Nicolas de Staël, Face au Havre

Nicolas de Staël, Face au Havre
Nicolas de Staël, Face au Havre

mardi 12 novembre 2019

Le choix des plages

Les plages de la presqu'île n'exposaient pas aux mêmes vents, c'était un art de décider où l'on irait tendre serviette, un art spéculatif, augurer du vent, une discutaille scolastique: la plupart du temps, nous allions au plus près, à Port-Lin à deux pas, à Valentin, à peine plus loin, pour un sable plus fin, pour des rouleaux plus amusants. On ne pêchait pas à Valentin, pas de rocher pour se couronner les genoux, on se baignait voilà tout. Les grandes cousines (toute cousine était grande à notre aune, seule Véronique avait notre âge, mais elle était en Amérique, elle ne venait pas si souvent), elles portaient toutes des bikinis et  elles bronzaient comme si leur vie en dépendait elles bronzaient à en peler, les cousines à la peau sèche.
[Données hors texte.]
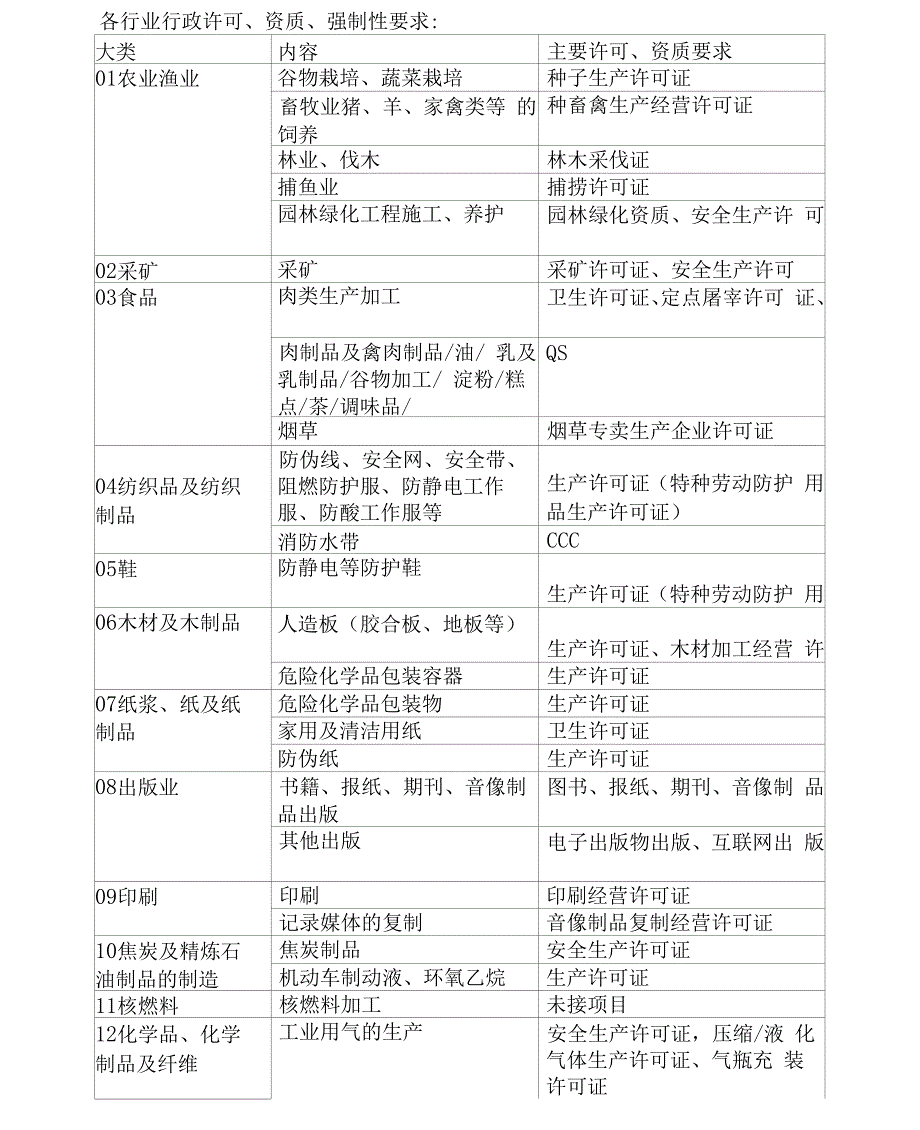 各行业行业行政许可证书_第1页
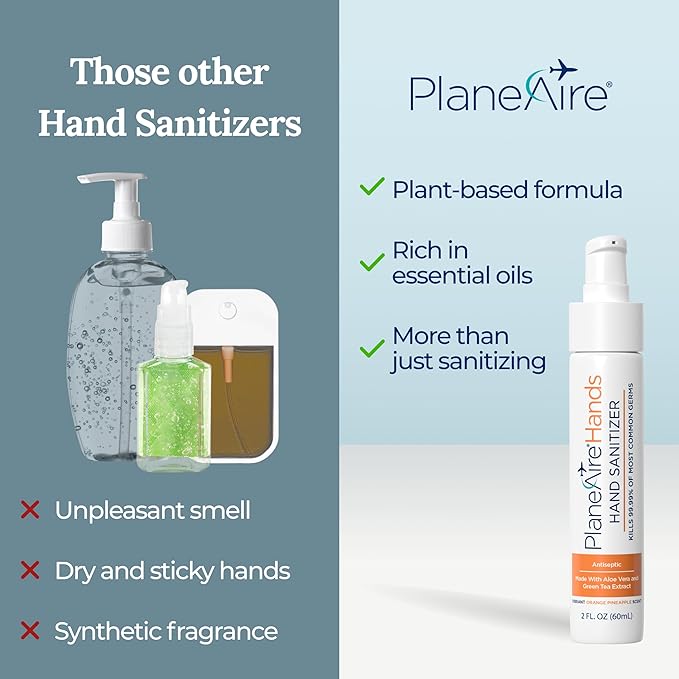 Orange Pineapple Gel Hand Sanitizer | Soothing Moisturizing Hydrating | Tropical Scent | Essential Oils Green Tea Extract Aloe and Vegan Glycerin | TSA-Approved Travel Essential | 3-pack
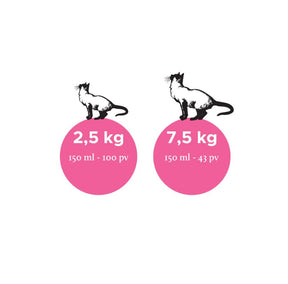 Nutrolin Cat Senior 150 ml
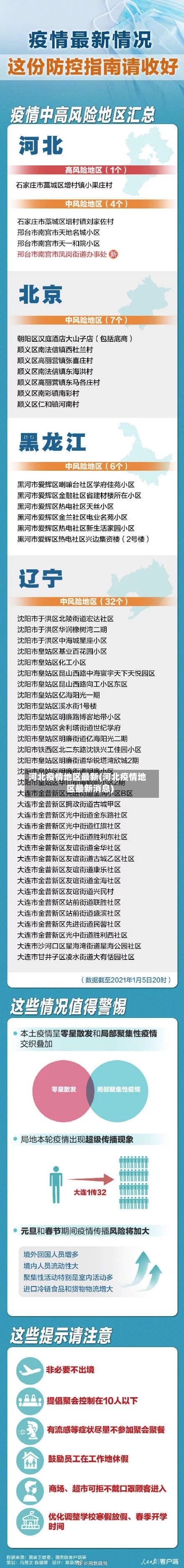 河北疫情地区最新(河北疫情地区最新消息)-第3张图片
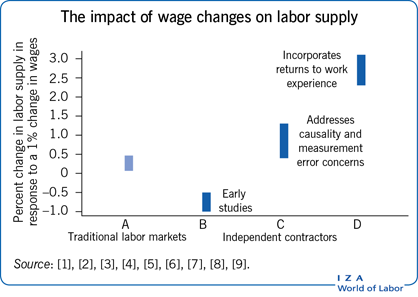 The impact of wage changes on labor
                            supply, , , , , , , , 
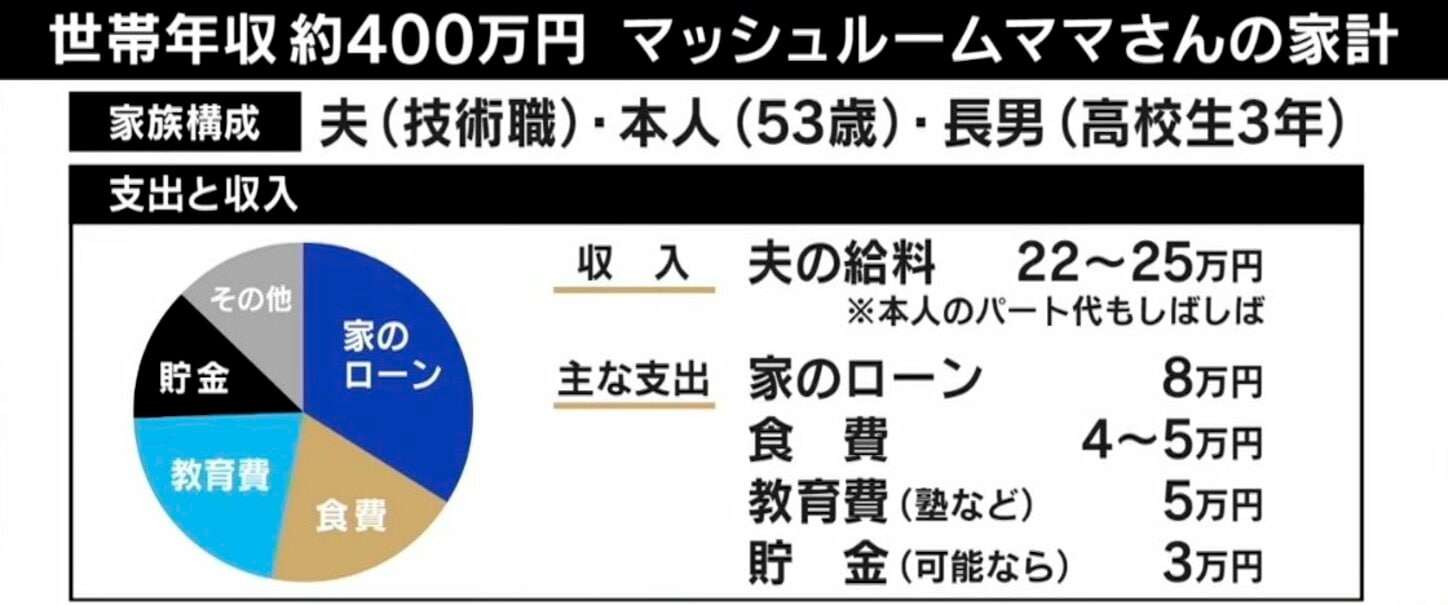 「息子1人大学にやるのもしんどい…」中間層が一番苦しい？ 年収400万円家庭の現実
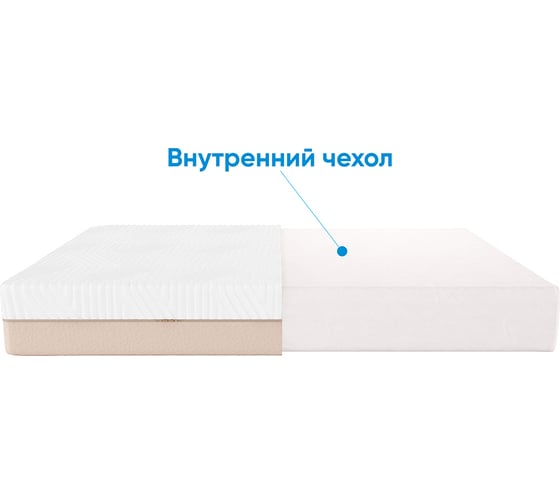 Матрас с независимыми пружинами Promtex Micropacket Latex 70x160 P-MC-1-020-LX\24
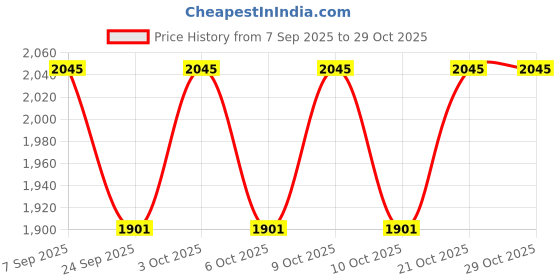 flipkart.com shrey Challenger Gloves (Indoor) Hockey Gloves shrey Price History Graph from 7 Sep 2025 to 29 Oct 2025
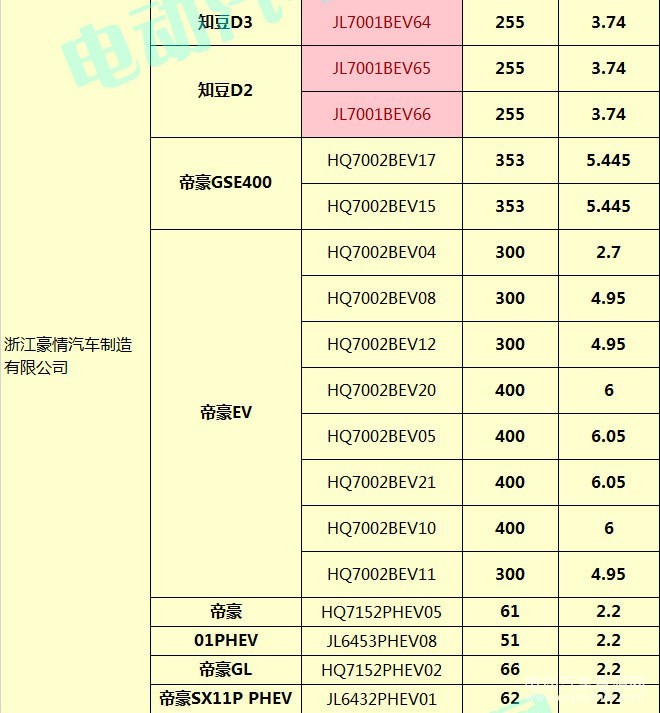 400款新能源乘用車補貼測算結(jié)果出爐 51.48%車型可獲得1.1倍以上補貼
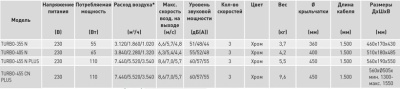 Напольный вентилятор Soler Palau TURBO-455N PLUS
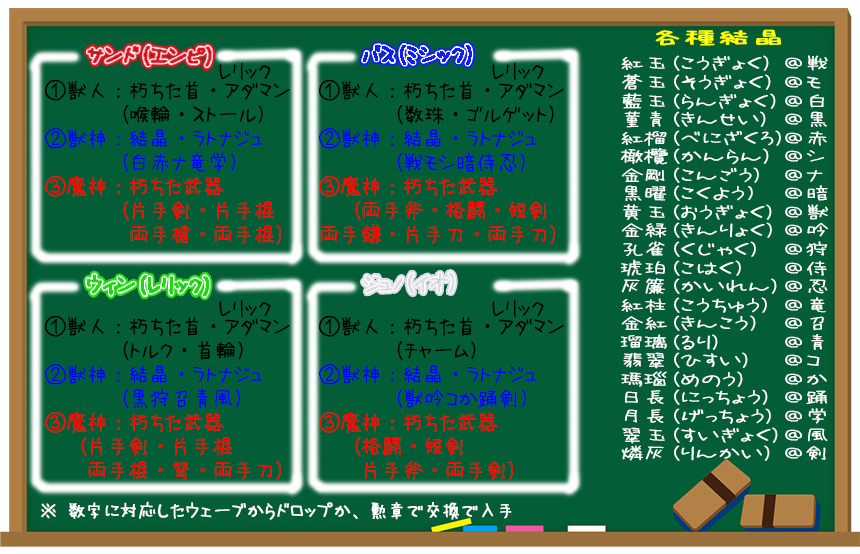 Divergence_Item.png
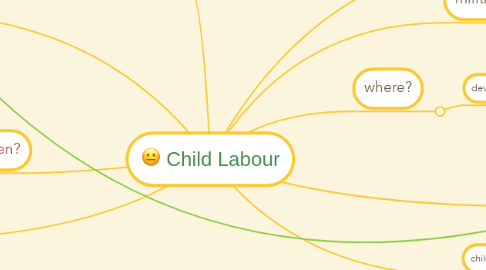 Mind Map: Child Labour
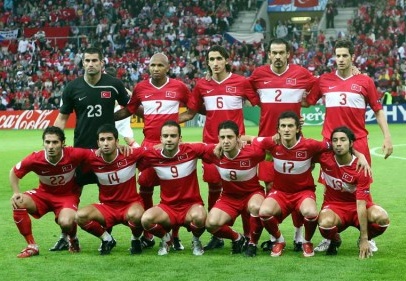 Türkiye’nin rakipler belli oldu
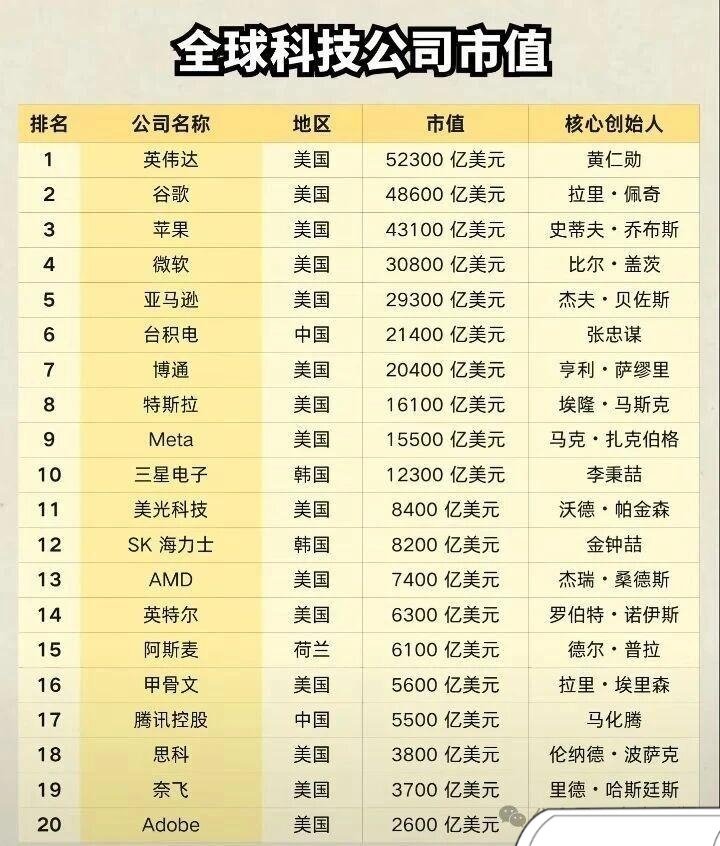 全球科技企业市值排行，前20的企业仍是以美国为主，包括英伟达、谷歌、苹果、微软和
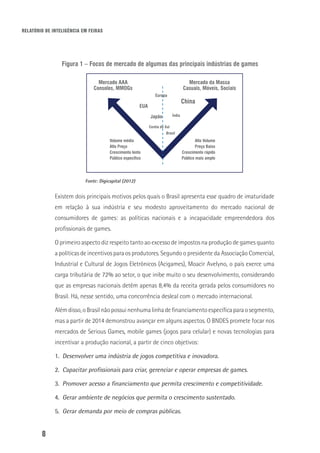 RELATÓRIO DE INTELIGÊNCIA EM FEIRAS
8
Figura 1 – Focos de mercado de algumas das principais indústrias de games
Mercado AAA
Consoles, MMOGs
Volume médio
Alto Preço
Crescimento lento
Público específico
Alto Volume
Preço Baixo
Crescimento rápido
Público mais amplo
Europa
Coréia do Sul
Índia
Brasil
China
Japão
EUA
Mercado da Massa
Casuais, Móveis, Sociais
Fonte: Digicapital (2012)
Existem dois principais motivos pelos quais o Brasil apresenta esse quadro de imaturidade
em relação à sua indústria e seu modesto aproveitamento do mercado nacional de
consumidores de games: as políticas nacionais e a incapacidade empreendedora dos
profissionais de games.
O primeiro aspecto diz respeito tanto ao excesso de impostos na produção de games quanto
a políticas de incentivos para os produtores. Segundo o presidente da Associação Comercial,
Industrial e Cultural de Jogos Eletrônicos (Acigames), Moacir Avelyno, o país exerce uma
carga tributária de 72% ao setor, o que inibe muito o seu desenvolvimento, considerando
que as empresas nacionais detêm apenas 8,4% da receita gerada pelos consumidores no
Brasil. Há, nesse sentido, uma concorrência desleal com o mercado internacional.
Alémdisso,oBrasilnãopossuinenhumalinhadefinanciamentoespecíficaparaosegmento,
mas a partir de 2014 demonstrou avançar em alguns aspectos. O BNDES promete focar nos
mercados de Serious Games, mobile games (jogos para celular) e novas tecnologias para
incentivar a produção nacional, a partir de cinco objetivos:
1.		Desenvolver uma indústria de jogos competitiva e inovadora.
2.		Capacitar profissionais para criar, gerenciar e operar empresas de games.
3.		Promover acesso a financiamento que permita crescimento e competitividade.
4.		Gerar ambiente de negócios que permita o crescimento sustentado.
5.		Gerar demanda por meio de compras públicas.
Nous n'aimions pas trop lézarder, l'enfance n'a pas de temps à perdre, nous creusions des canaux, nous faisions des pâtés, tous les après-midi c'était barrage contre l'Atlantique, c'étaient remparts, c'étaient polders, et chaque jour la mer déjouait nos dispositifs, et si par extraordinaire, elle se retirait sans avoir abattu nos petits jérichos, nous les piétinions de nous-mêmes avant, à notre tour, de nous retirer pour le soir, les cheveux rêches et la peau salée.

mardi 5 novembre 2019

Port-Lin

C'était un drôle de chapeau rouge que tu portais, un bob on disait, un bob de coton rouge doublé d'un tissu éponge fleuri, une drôle de cloche sur ta drôle de tête de petite fille aux cheveux courts, la cloche couvrait ton épi, te gardait du soleil sur la plage. Était-ce le soleil ou le sel de la mer qui te faisait  blondir, je ne sais, sous le bob même tu blondissais, une blondeur de provision qui disparaitrait à la rentrée à peine moins vite que le bronzage -c'était un temps où il fallait  bronzer, les mélanomes on s'en fichait, on ne savait pas que ça existait. Tu étais donc blonde et bronzée sous le bob de plage, le parasol c'était pour la tante Annick, le privilège de la rousse qui ne bronzait pas mais brûlait sitôt qu'on la sortait de l'ombre. Sortir de l'ombre elle n'y songeait pas, concentrée sur les diminutions d'un tricot savant, c'était la reine des pulls à torsades, une  parque siglée phildar qui au cœur de l'été travaillait à l'hiver. Nous, nous n'étions qu'enfance, j'entends par-là présence pure à l'instant même de la joie, sous le soleil nos pas sans ombres à peine alourdis par  le sable grossier de Port-Lin, dévorant les pains de seigle au raisin, les tartines et le chocolat Poulain.